- **INSTRUCTIONS FOR THE TASK**
Retype the listing exactly as it stands, and keep every image out.

- **DATA BELOW**
- Opening Delimiter -

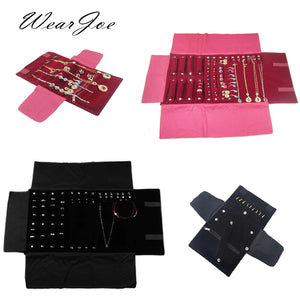 Velvet Jewelry Organizer Roll Travel Zipper Bag Carrying Case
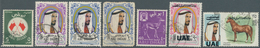 Abu Dhabi: 1966/1972, Lot Of 23 Commercially Used Stamps (some With Inevitable Marks), Incl. 1972 UA - Abu Dhabi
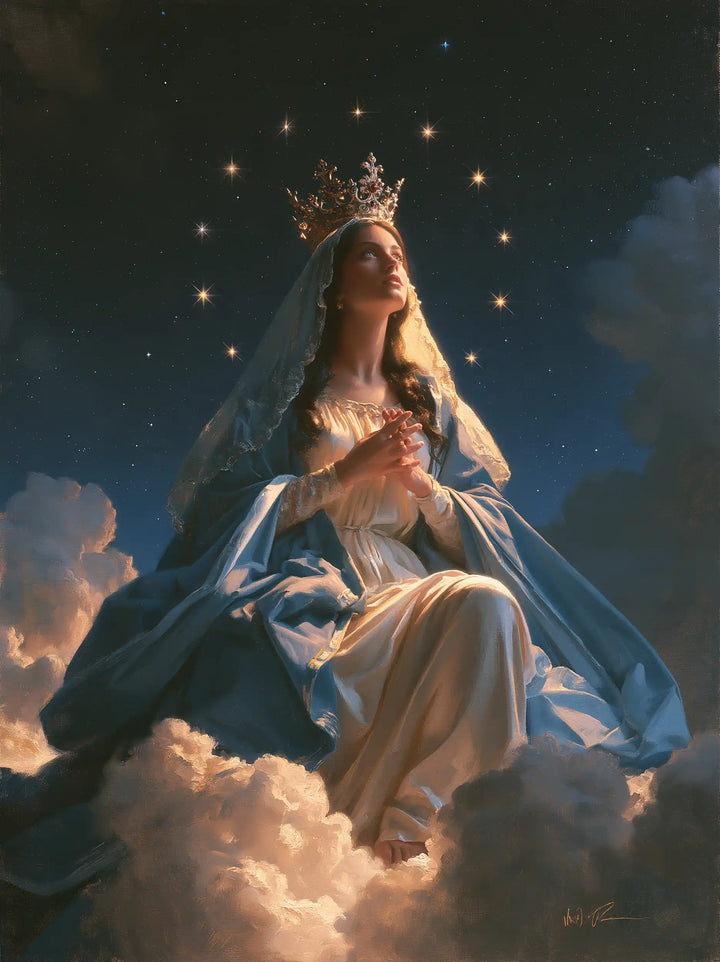 Mary, Queen of Heaven — Seated Prayer in Nocturnal Gentleness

- Closing Delimiter -

- **SOLVED EXERCISE**
 Velvet Jewelry Organizer Roll Travel Zipper Bag Carrying Case
 Abu Dhabi: 1966/1972, Lot Of 23 Commercially Used Stamps (some With Inevitable Marks), Incl. 1972 UA - Abu Dhabi
 Mary, Queen of Heaven — Seated Prayer in Nocturnal Gentleness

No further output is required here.